Some people might want to say that science that only affirms what people already know is a waste of time — but I really don’t believe that, for a couple of reasons. First, many people think that dogs only love us for what we give them. “Cupboard love” is what we called it when I was growing up in England. But we can say now that this isn’t true. Most dogs love their people sincerely — not just as a means to get more treats. Second, we should use this knowledge to give our dogs what they need for happy lives with us. We love dogs because of their wonderful outgoing natures. We need to recognize that our pets’ very real social needs demand something back from us.

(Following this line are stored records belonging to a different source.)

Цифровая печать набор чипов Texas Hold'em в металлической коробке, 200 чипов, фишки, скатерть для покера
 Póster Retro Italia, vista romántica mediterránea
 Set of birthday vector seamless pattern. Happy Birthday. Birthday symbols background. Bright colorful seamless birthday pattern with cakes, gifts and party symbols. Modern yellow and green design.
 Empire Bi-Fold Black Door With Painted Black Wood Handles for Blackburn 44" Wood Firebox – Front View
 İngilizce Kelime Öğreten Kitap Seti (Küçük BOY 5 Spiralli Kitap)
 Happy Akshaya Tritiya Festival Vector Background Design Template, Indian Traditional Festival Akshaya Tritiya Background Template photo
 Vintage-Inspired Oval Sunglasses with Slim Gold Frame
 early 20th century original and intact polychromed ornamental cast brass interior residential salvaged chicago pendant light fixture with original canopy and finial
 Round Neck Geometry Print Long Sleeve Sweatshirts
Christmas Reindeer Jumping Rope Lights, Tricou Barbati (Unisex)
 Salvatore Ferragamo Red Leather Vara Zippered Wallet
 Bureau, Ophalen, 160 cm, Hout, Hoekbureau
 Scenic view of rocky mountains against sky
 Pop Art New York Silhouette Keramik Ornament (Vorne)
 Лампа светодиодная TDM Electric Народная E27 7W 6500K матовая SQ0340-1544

Giving Our Dogs What They Need

It is cruel to leave a dog alone all day while we are out at work and play. These exquisitely social beings cry out for company. Separation anxiety is the most common psychological problem in dogs. Often it is not an abnormal response to normal circumstances, but an understandable response to really unreasonable situations. Dogs are not like our smart devices that can be left alone for hours or days. Our dogs require company for their psychological health. So I am happy that we scientists got there in the end, and now we are doing everything we can to improve dogs’ lives with people by making the science of dog love and its implications more widely known.

Clive D.L. Wynne, a comparative psychologist at Arizona State University, is the author of Dog Is Love: Why and How Your Dog Loves You.

A version of this article appeared in our partner magazine Inside Your Dog’s Mind in 2021.